What the exercise asks: Verbatim output required. Print the data in full.

Provided material:
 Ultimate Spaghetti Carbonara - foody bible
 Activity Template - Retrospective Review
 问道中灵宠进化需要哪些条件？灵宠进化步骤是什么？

Task output:
 Ultimate Spaghetti Carbonara - foody bible
 Activity Template - Retrospective Review
 问道中灵宠进化需要哪些条件？灵宠进化步骤是什么？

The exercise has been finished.